Brooklyn Nine-Nine is a fun, wacky, well-cast sitcom set in a Brooklyn police precinct. Since 2004, approximately seven unarmed people of color have been killed by real cops in real Brooklyn. It stands to reason that a network sitcom would be uncomfortable addressing something so horrifying. What, then, should a sitcom about police officers in New York City be, when the world outside of that sitcom is one of fear and violence?
Not all sitcoms will address their contemporary world; arguably, that’s nowhere close to the point of sitcoms.
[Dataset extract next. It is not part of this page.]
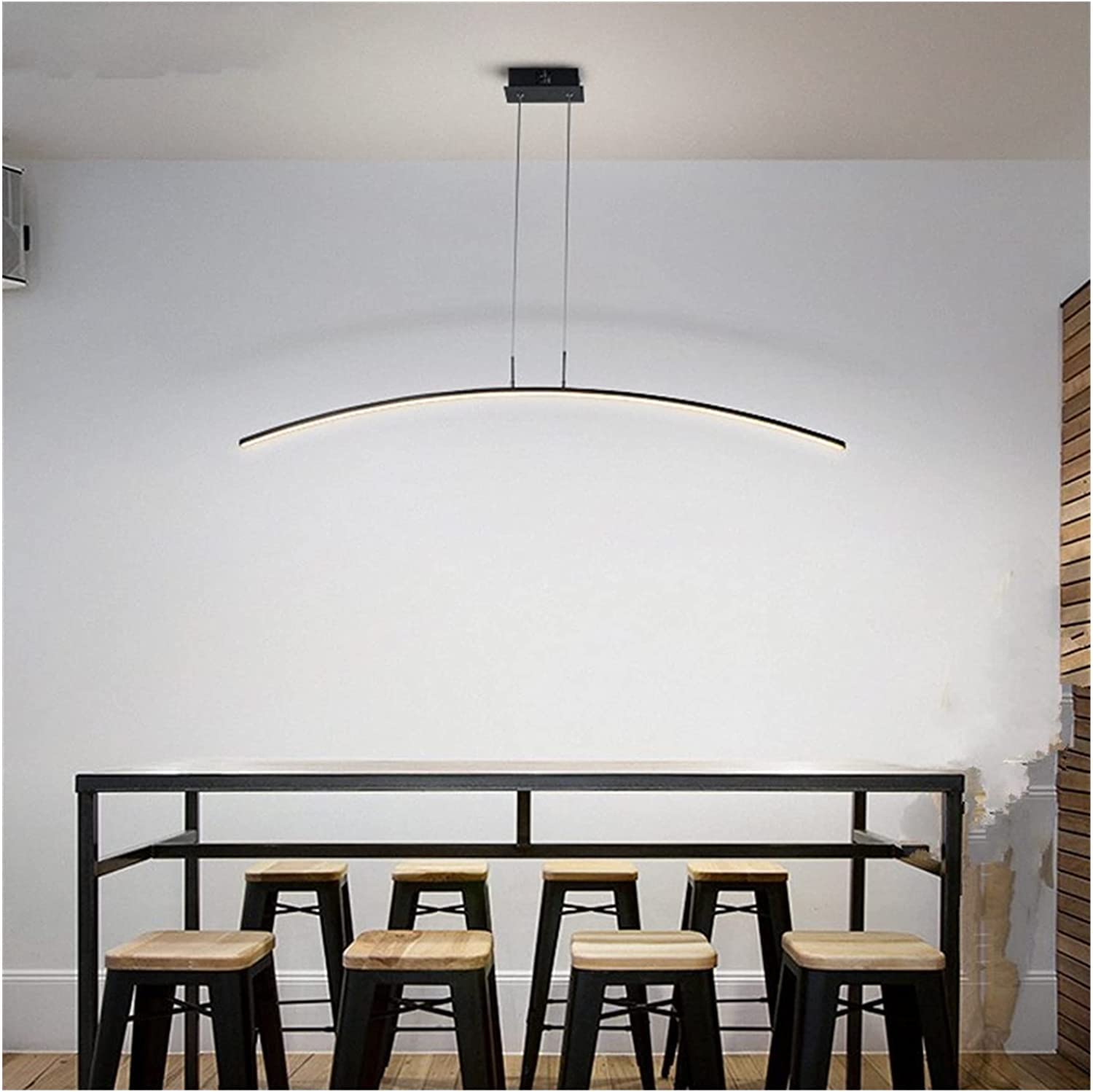 Lighting Modern LED Pendant Lights Compatible with Kitchen Dining Room Lustre Pendente Hanging Ceiling Lamp Deco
For every show like It’s Always Sunny in Philadelphia, which includes a few contemporary stories every season, there’s a dozen like The Dick Van Dyke Show, where fads were ignored to keep the show from feeling immediately stale (definitely a problem faced by shows like Murphy Brown, whose jokes may not make sense to modern audiences). Brooklyn Nine-Nine, recently renewed for a third season on Fox, somewhat walks that line between timely and out-of-time, and in doing so does a disservice to its audience’s understanding of world events.
The news can create challenges for sitcoms. After years of portraying New York City without poverty or people of color, it was no surprise that Friends didn’t address 9/11, but it did further distance the world of the show from the actual, lived experience of New York residents. It may be worth asking, though, what the point of a sitcom’s setting is if the show refuses to grapple with the specific issues and stories that come with that setting?
It’s not entirely accurate to suggest that Brooklyn Nine-Nine completely ignores the messy, upsetting history of NYPD’s bigotry. But the ways it addresses them only serve to highlight how strange it is to portray modern NYPD as friendly, cuddly, and color-blind. The Nine-Nine’s chief, Ray Holt (played by Andre Braugher), came up in the NYPD as a black gay man in the 1970s; flashbacks to his earlier days with NYPD show him struggling to be taken seriously by the overwhelmingly white and homophobic force. He describes his partner at the time as “a great partner: smart, loyal, homophobic but not racist — in those days, that was pretty good.” On an episode where the series lead, Jake Peralta (Andy Samberg), meets his hero, a 1970s crime journalist (Stacy Keach), he learns the hard way that the NYPD he’s been romanticizing was violent, thoughtless, and sloppy. The NYPD has changed dramatically since the 1970s, Brooklyn Nine-Nine keeps insisting (though Frank Serpico disagrees). But once you address police bigotry and violence from the 1970s, you have opened the door to a politicized world; you cannot call the past bad without making an argument about how it’s changed. It’s not reasonable to ask viewers to suspend what they know about NYPD in 2015 while reinforcing what they think about the NYPD forty years earlier — to do so is to make an actual argument: progress.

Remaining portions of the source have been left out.